Overall, label-based optical detection methods can often be integrated into DMF devices with minimal device modification. Among these, the fluorescence technique is the most widely deployed due to its high sensitivity and selectivity in various assays. However, it requires light sources to provide excitation wavelength and detect the emitted wavelength, and a key challenge is the spectral overlap in multiplex detection. Chemiluminescence technology, as a method with a higher sensitivity (10−18 to 10−15 mol L−1),126 eliminates the need for external light sources. Detection systems such as commercial PMTs can be easily coupled with DMF platforms, therefore chemiluminescence detection is a promising detection strategy. However, the common limitation of the fluorescence and chemiluminescence technology is the relatively wide emission band, which makes it difficult for multiplex detection of a large panel of analytes. Colorimetric detection, as an alternative, uses low-cost LEDs as light sources and portable photometers or smartphones as detectors, and thus can be potentially integrated with personal electronics and used as self-administrated POC tests. However, the sensitivity is often lower than fluorescence/chemiluminescence detection. Besides, one general issue for label-based optical technologies is that the intensity of the optical signals largely depends on the sample volume, presenting a challenge when the technologies are used to detect targets in submicron droplets in DMF devices.127 Label-free technologies such as SPR, on the other hand, often measure the shifts in refractive index or wavelength upon the molecule interaction. These methods provide excellent sensitivity and are well-suited for multiplex detection. However, the major challenge of integrating these methods into DMF devices lies in the complexity of device fabrication, the precise alignment of highly specialized optical instruments and often the requirement of trained personnel.

3.2 Electrical techniques

Electrical biosensors have gained significant attention in POC diagnostics because they are often robust, easy to miniaturize and cost-effective. One of the key components in electrical biosensors is the transducer that converts biorecognition events into electrical signals such as current and conductance. Thus, based on the mechanisms in which the electrical signals are converted and measured, electrical biosensors are often categorized into an electrochemical biosensor (measures the potential or charge accumulation), an impedance biosensor (measures the electrical impedance of an interface) and a field-effect transistor biosensor (measures current/potential across a semiconductor).
3.2.1 Electrochemical sensors. Electrochemical sensing is a common detection method that measures the electron transfer associated with the oxidation/reduction rate in chemical reactions that occur on electrode surfaces.128,129 The sensor generally consists of three electrodes: working electrode (WE, where chemical reactions take place), counter electrode (CE, which carries the current with the WE) and reference electrode (RE, which measures the potential of the WE). Based on the types of signals to be measured, electrochemical sensors are mainly categorized into three types: current (voltammetry/amperometry), potential (potentiometry) and impedance (electrochemical impedance spectroscopy). The principle and advantages of each category have been summarized in detail in the literature.128,130 Here, we will mainly focus on the integration of electrochemical sensors into the DMF platform for the on-chip detection of biomolecules.

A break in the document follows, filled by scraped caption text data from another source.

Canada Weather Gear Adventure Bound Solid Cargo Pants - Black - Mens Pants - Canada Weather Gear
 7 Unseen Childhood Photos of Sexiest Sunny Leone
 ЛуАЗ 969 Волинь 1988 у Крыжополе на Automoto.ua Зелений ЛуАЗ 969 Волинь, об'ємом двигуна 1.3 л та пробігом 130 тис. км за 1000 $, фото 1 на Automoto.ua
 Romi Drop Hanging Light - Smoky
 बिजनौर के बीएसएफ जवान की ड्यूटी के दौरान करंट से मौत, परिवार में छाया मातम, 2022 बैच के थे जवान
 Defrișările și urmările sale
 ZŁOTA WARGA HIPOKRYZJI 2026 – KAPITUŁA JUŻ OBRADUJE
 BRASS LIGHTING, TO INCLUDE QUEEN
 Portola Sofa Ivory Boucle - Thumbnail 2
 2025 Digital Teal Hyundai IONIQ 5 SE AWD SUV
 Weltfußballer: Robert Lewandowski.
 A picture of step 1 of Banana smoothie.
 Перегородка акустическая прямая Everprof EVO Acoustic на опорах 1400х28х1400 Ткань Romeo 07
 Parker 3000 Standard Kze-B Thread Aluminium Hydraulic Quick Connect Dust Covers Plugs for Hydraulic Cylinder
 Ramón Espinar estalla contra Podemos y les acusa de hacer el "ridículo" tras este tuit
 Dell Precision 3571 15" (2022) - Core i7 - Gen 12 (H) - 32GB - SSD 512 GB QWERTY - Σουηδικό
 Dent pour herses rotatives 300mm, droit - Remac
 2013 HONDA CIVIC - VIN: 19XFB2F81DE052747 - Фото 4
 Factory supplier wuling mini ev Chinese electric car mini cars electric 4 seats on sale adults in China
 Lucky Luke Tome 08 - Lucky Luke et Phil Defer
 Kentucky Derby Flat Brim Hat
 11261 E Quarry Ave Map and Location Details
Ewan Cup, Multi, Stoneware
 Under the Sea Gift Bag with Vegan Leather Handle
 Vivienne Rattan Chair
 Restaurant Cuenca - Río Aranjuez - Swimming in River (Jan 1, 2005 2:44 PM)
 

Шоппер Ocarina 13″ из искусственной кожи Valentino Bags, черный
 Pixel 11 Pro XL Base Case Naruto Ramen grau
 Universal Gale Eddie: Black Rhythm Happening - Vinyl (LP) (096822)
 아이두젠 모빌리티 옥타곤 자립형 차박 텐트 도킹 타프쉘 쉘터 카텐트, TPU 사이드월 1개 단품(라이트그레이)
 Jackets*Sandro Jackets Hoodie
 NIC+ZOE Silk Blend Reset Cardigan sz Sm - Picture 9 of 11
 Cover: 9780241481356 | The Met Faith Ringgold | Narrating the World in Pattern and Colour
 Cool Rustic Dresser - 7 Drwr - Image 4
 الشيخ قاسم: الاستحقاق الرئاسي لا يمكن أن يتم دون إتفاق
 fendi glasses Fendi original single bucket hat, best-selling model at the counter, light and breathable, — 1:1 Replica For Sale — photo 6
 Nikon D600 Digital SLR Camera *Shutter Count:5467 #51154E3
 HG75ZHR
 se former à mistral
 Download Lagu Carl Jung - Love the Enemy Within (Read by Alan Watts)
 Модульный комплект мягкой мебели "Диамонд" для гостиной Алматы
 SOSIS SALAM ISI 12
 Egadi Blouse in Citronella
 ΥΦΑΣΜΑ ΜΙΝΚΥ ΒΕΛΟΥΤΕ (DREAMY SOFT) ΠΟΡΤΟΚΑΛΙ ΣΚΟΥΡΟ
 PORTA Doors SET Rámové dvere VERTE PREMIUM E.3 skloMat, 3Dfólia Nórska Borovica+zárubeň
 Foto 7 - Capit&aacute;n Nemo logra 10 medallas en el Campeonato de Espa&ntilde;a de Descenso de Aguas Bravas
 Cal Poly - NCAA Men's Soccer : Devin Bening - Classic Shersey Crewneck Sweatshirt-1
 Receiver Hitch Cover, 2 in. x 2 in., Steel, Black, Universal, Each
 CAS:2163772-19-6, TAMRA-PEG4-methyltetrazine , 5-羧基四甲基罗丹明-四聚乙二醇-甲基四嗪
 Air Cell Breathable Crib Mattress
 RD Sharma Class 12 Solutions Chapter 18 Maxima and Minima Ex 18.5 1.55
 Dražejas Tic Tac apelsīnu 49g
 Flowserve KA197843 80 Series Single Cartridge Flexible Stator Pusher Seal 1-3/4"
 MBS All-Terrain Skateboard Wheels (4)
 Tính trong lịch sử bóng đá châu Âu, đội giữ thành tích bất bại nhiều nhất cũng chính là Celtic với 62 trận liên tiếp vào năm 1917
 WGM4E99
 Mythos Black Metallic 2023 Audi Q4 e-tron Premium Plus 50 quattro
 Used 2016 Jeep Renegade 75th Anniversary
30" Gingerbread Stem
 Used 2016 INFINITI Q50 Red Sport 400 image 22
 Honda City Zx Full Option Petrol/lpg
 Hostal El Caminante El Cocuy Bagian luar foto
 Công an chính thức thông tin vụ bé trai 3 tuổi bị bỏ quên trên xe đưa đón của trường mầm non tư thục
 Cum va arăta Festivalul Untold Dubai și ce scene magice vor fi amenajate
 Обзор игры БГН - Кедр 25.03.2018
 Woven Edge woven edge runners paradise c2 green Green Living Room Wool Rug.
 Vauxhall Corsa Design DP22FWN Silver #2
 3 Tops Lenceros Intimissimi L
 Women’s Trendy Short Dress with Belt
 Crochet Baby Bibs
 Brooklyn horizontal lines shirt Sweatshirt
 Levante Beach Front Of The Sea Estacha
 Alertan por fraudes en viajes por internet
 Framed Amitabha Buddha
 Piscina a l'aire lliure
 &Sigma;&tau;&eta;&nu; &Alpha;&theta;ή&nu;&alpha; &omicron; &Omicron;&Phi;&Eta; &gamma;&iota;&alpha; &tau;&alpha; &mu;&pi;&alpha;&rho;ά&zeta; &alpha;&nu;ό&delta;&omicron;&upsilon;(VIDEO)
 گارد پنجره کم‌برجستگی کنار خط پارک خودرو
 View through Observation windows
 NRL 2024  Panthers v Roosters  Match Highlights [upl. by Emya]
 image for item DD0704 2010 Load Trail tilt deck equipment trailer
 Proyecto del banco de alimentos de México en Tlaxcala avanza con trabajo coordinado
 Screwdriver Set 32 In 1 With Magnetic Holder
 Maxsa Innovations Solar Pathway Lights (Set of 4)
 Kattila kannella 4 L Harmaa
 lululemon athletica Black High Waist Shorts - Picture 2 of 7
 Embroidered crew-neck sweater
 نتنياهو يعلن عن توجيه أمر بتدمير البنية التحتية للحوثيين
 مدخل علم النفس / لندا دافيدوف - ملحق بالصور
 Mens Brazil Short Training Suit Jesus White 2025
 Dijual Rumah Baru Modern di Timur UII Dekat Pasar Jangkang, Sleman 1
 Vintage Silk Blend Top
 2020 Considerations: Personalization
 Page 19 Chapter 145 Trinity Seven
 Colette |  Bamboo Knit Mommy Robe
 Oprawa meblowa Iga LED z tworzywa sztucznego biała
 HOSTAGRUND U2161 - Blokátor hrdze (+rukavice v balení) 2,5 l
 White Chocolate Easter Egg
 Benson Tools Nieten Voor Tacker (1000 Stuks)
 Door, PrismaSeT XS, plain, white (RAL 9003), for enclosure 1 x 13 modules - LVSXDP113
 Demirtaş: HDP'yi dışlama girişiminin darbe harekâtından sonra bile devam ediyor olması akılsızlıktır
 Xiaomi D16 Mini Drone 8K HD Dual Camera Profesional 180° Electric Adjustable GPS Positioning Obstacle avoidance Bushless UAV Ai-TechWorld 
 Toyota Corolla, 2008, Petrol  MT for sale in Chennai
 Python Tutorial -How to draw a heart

A main challenge in integrating the electrochemical sensor into DMF platforms is the fabrication of hydrophilic, bare sensing electrodes that are precisely situated within the microscale actuation electrodes. A straightforward way is to photolithographically pattern the sensing electrodes within actuation electrodes that are insulated with photoresists (e.g., SU-8).131,132 Platforms built in this manner can quantify chemicals and drugs, for example, acetaminophen drug with 76 μM detection limit, presenting comparable detection performance with a commercial screen-printed electrode.95 However, the fabrication is challenging and time-consuming because multiple layers including metal and thin films need to be precisely patterned on the same substrate in a stepwise manner. Meanwhile, the hydrophilic area within the hydrophobic actuation electrodes can impede the electrowetting-based droplet handling. As an alternative, patterning the sensing electrodes on the top ITO substrate can simplify the fabrication procedure and maintain smooth droplet handling (Fig. 6A i–iii).133 DMF devices fabricated in this manner enabled magnetic bead-based electroanalytical immunoassays for amperometrically quantifying biomarkers such as thyroid stimulating hormone (TSH) with a limit detection of 2.4 μIU mL−1 (Fig. 6A iv)). DMF platforms as such can also be used for monitoring cell growth, differentiation and drug uptake in vitro. Wheeler's group analyzed dopamine uptake by dopaminergic neurons in an integrated DMF system for neurological disorder diagnosis.134,135 In their study, neuronal cells were cultured and incubated with dopamine droplets in the DMF device, and the sample was then shuttled to the two-electrode electrochemical sensor patterned on the ITO ground electrode for in-line electrochemical measurements.134 As low as 30 nM dopamine uptake was determined within 10 min. Further improvement was made on this platform to streamline cell culture and electrochemical characterization on-chip to determine the dopamine uptake in a time-resolved manner.135 In this platform, automated cell medium exchange during the culture procedure minimizes manual steps and contamination, and the in-line cell assay characterization provides dynamic analysis in real-time, moving closer toward the reality of lab-on-a-chip.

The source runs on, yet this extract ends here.